現在、欧州に亡命中の元中共刑事の蒋氏は、中国にいる家族を守るために本名を隠しながら、CNNの3時間に及ぶインタビューで、ウイグル人に対する組織的な拷問の実態を明らかにした。
蒋氏は、取り締まりを命じられたとき、テロリストが逮捕されていると聞かされたことを明かした。 数百人ものライフルを持った警察官が真夜中に新疆ウイグル自治区に突入し、一軒一軒家から人々を引きずり出し、手錠や頭巾をかけ、抵抗すれば銃殺すると脅した。しかし、すぐに逮捕された彼らがただ許されない普通の日常生活を送っている一般人であることを知った。

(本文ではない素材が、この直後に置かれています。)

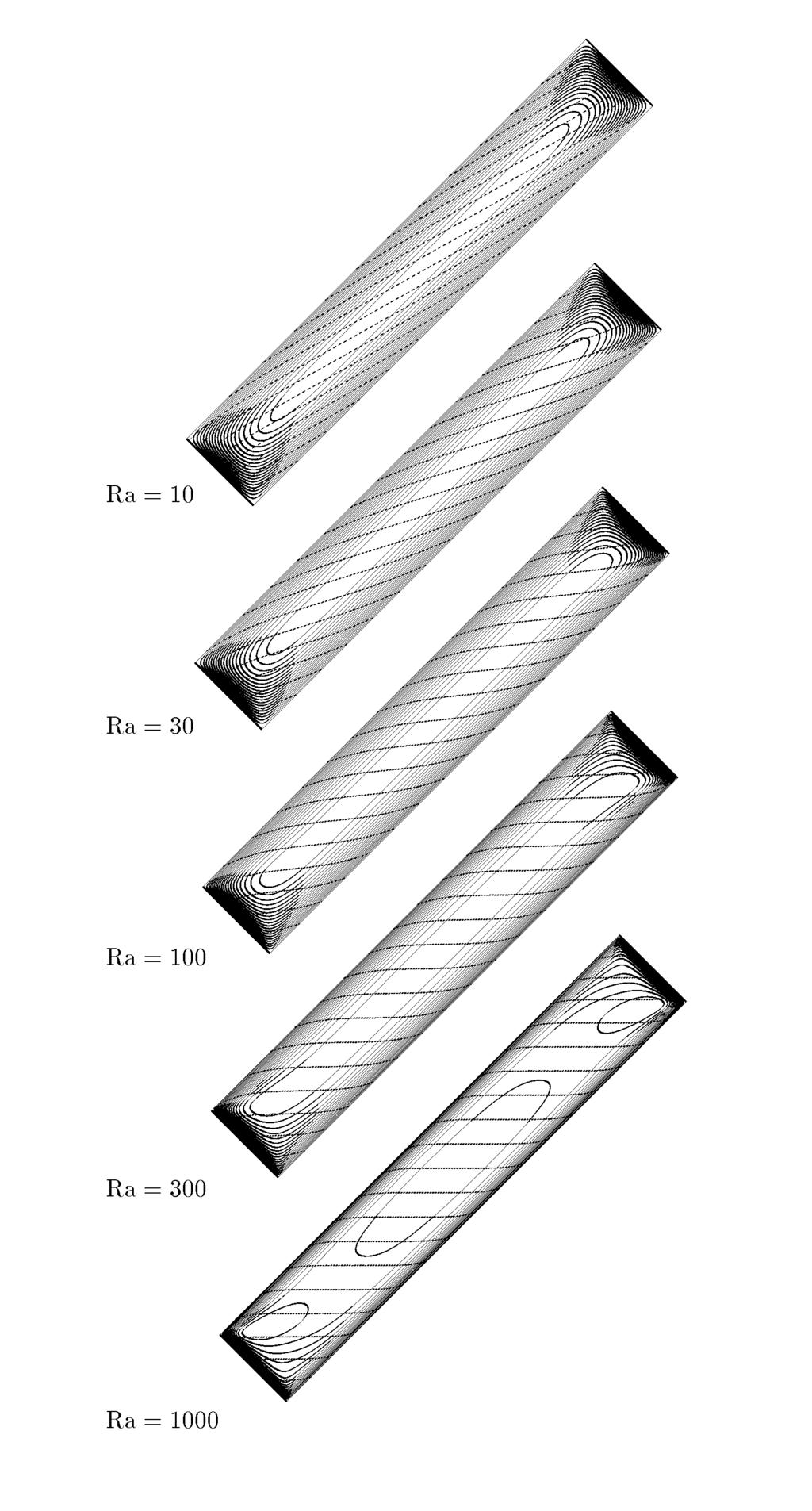 Figure 5 shows how the structure of the flow varies as changes from 45 degrees to 5 degrees, when =45 degrees and Ra=000.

尋問の際には、男女を問わず、たとえ14歳の子供であっても、新しい収容者はみな殴られた。拷問の内容は、受刑者を固定するための金属製や木製の「老虎凳(ラァォフゥーダァン、注)」と呼ばれる椅子に手錠をかけられるもの、天井に吊るされるもの、性的暴力、電気ショック、寒中に水を浴びせるなど多岐にわたる。収容者らは何日も寝ることを許されず、水も食べ物も与えられないことが多かった。他にも、他の囚人に男性を強姦させたり、陰部を感電させるなどの拷問があった。

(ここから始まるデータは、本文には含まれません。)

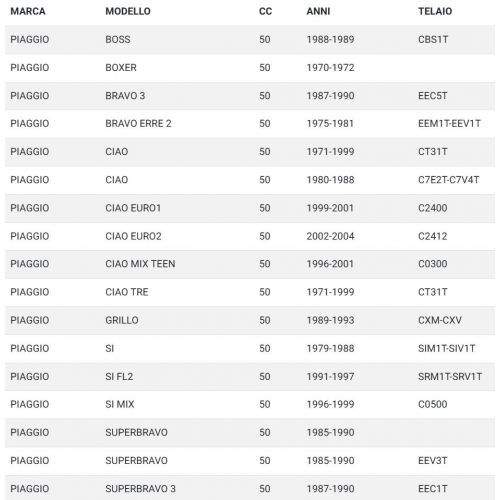 Chiavella dado forato 9 mm...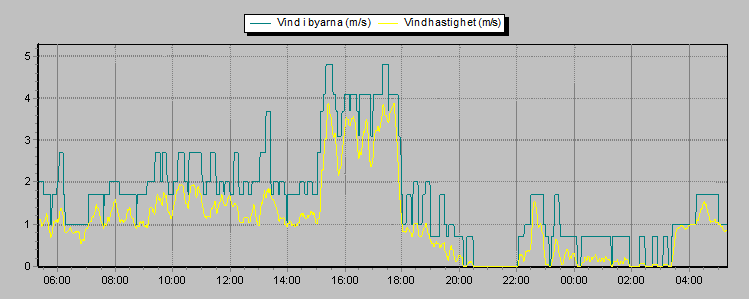 Weather Graphs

CNNによると、同元刑事の証言は独自に確認できないものだが、蒋氏が明かした複数の詳しい内容は、CNNが取材した2人のウイグル人被害者の体験と一致しているという。
現在、ノルウェー在住のAyup(音訳:アユップ)氏は、「2013年8月19日、カシュガル市の拘置所で、3~4人の刑務官が十数人の囚人に私を輪姦するよう指示した」と語った。

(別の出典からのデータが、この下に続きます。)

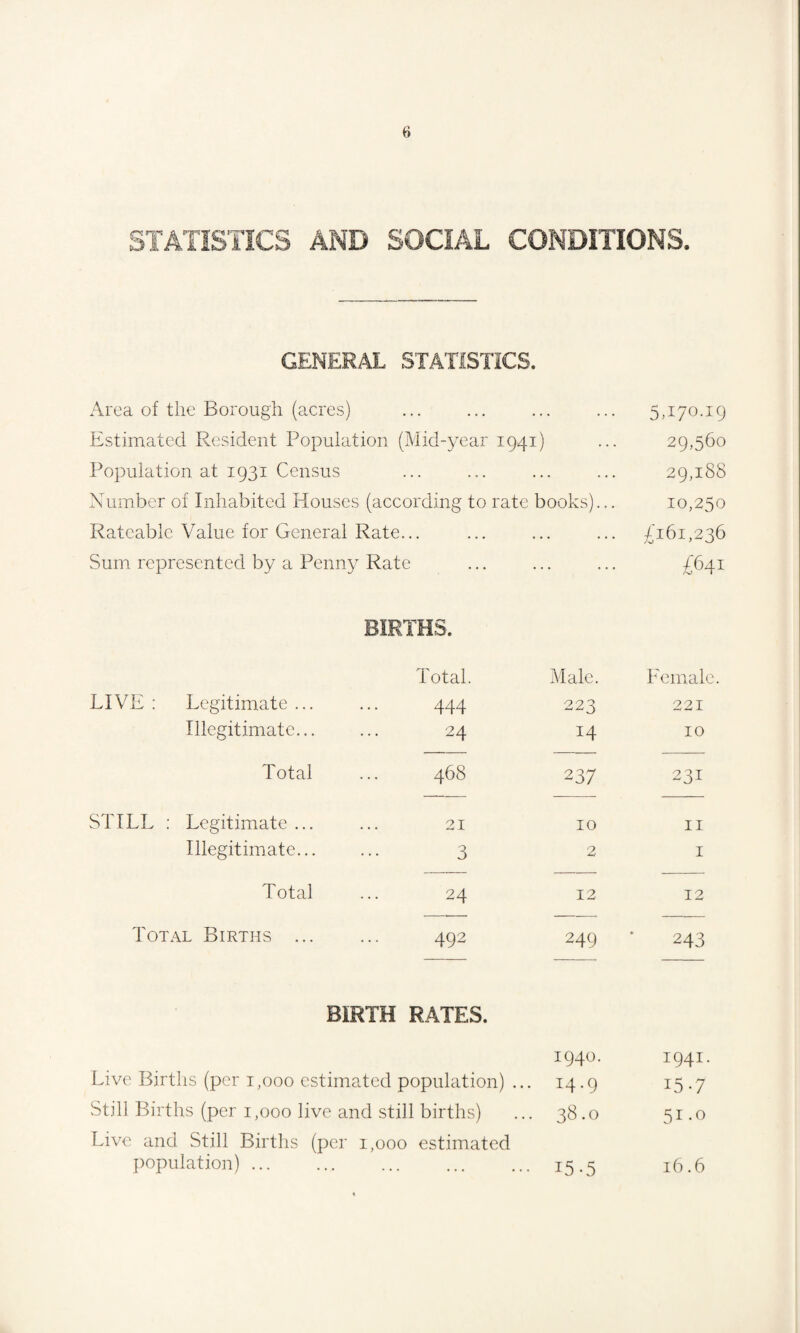 STATISTICS AND SOCIAL CONDITIONS. GENERAL STATISTICS. Area of the Borough (acres) Estimated Resident Population (Mid-year 1941) Population at 1931 Census Number of Inhabited Houses (according to rate books)... Rateable Value for General Rate... Sum represented by a Penny Rate 5,170.19 29,560 29,188 10,250 £161,236 £641 BIRTHS. Total. Male. Female LIVE: Legitimate... 444 223 221 Illegitimate... 24 14 10 Total 468 237 231 STILL : Legitimate ... 21 10 11 Illegitimate... 3 2 1 T otal 24 12 12 Total Births . 492 249 243 BIRTH RATES. Live Births (per 1,000 estimated population) ... 1940. 14.9 1941. i5-7 Still Births (per 1,000 live and still births) 38.0 51.0 Live and Still Births (per 1,000 population) ... estimated i5-5 16.6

「刑務所の看守が私に下着を脱ぐように指示を出した。男たちが(彼は)弱すぎると私を揶揄した。翌日も屈辱は続き、刑務官から『楽しんでいるか』と聞かれた。これは私の心の傷だ、一生忘れない」
オランダに在住のOmir Bekali(音訳:オミールベカリ)氏は、クラマイ市の警察署の地下室で受けた迫害を語った。「彼らは私を老虎凳に座らせたり、吊るしたりして、木の松明や鉄の鞭で太ももと臀部を殴った。警察からテロ支援の自白を強要され、このような日々を収容所で8ヶ月間過ごした。最初に足に鎖をつけられたとき、地獄のような拷問が始まるとすぐに分かった。収容者たちの手足には重い鎖が付けられていて、腰を上げることができず、眠る時もそうだった」
米国務省の推計によると、2017年以降、新疆ウイグル自治区の収容所に収容されているウイグル人やその他の少数民族は200万人にも上る。米国やカナダなど多くの国は、中共が新疆でジェノサイド(大量虐殺)を行ったと宣言している。しかし、中共当局はそれを否定している。
注:老虎凳(ラァォフゥーダァン)、中国共産党の拷問。刑具の一種、細長い腰掛けに両足を伸ばして座らせ、膝を縄で固く縛りつけてから、足首の下にレンガを積んでいく。レンガが増すことにより苦痛が酷くなる。